# VERY healthy Spicy Red Fish Stew recipe



## kitchenelf (Aug 12, 2005)

Well, I am having a VERY healthy Spicy Red Fish Stew - posted here

2 cups is a considered a "whole" meal - you need nothing else with it - our platelets usually feel a tad sticky so we like a "hearty" (get it????) red wine.

I hope everyone has a most enjoyable weekend!!!!

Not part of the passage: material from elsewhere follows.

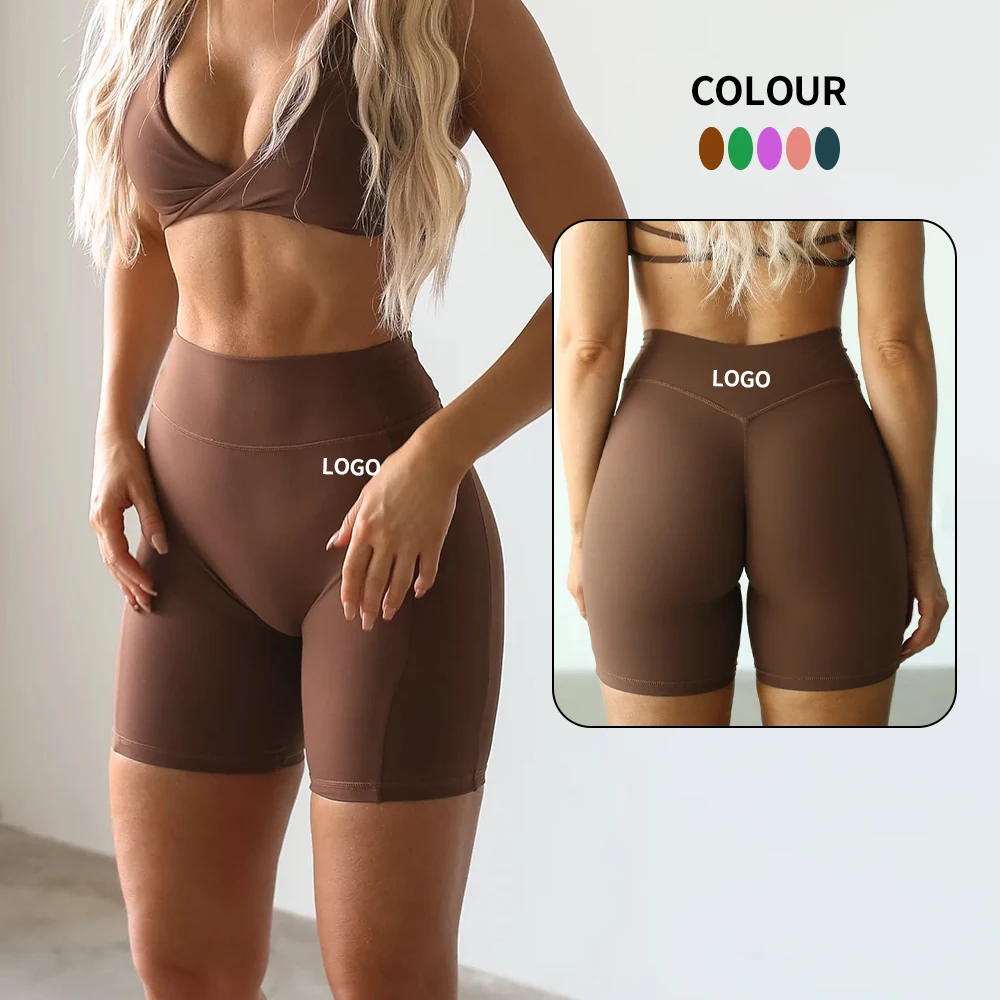 

MIQI Custom Logo Spandex High Waisted Yoga Shorts Active Wear Womens Workout Gym Shorts With Pockets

If you are a fish lover then you will most definately like this.  You can also use lemon instead of lime and scallops instead of the tilapia.  I have tried many varieties of fish - tilapia and possibly orange roughy have the best texture for this!!  Spice it up with more chili flakes to burn those calories!


----------



## callie (Aug 12, 2005)

Thanks, ke!!  I've copied, pasted and saved this one.


----------



## mudbug (Aug 14, 2005)

Perfect, elfie.  I've had some roasted red peppers in the fridge waiting for me to decide what to do with them.  This stew will fit the bill!


----------



## abjcooking (Aug 14, 2005)

I tried this stew a few months ago and loved it.  It is now in my favorite's cookbook.


----------



## kitchenelf (Aug 14, 2005)

It's a very "clean" stew - I'm glad you liked it abj - I know it's good - but lots of things posted here are good!!!!!  I want to try everything!!!!!!

abj - Rachel Ray has a recipe Venetian Shrimp and Scallops.  The only thing I did different to the Venetian recipe is reduced it a LOT more than she said - The part that says "when liquids come to a boil" I let it simmer about 20 minutes longer probably - but it was well worth the wait.  The tastes are very similar and the Venetian recipe is JUST as good!  Just a tad different.  This dish went really well with the Panzanella salad we served with it.


----------



## abjcooking (Aug 15, 2005)

Thanks kitchenelf,  I usually have to order my scallops from a store called fresh direct here or go accross town to the fish markets, but I have copied and pasted it for when I do get some.


----------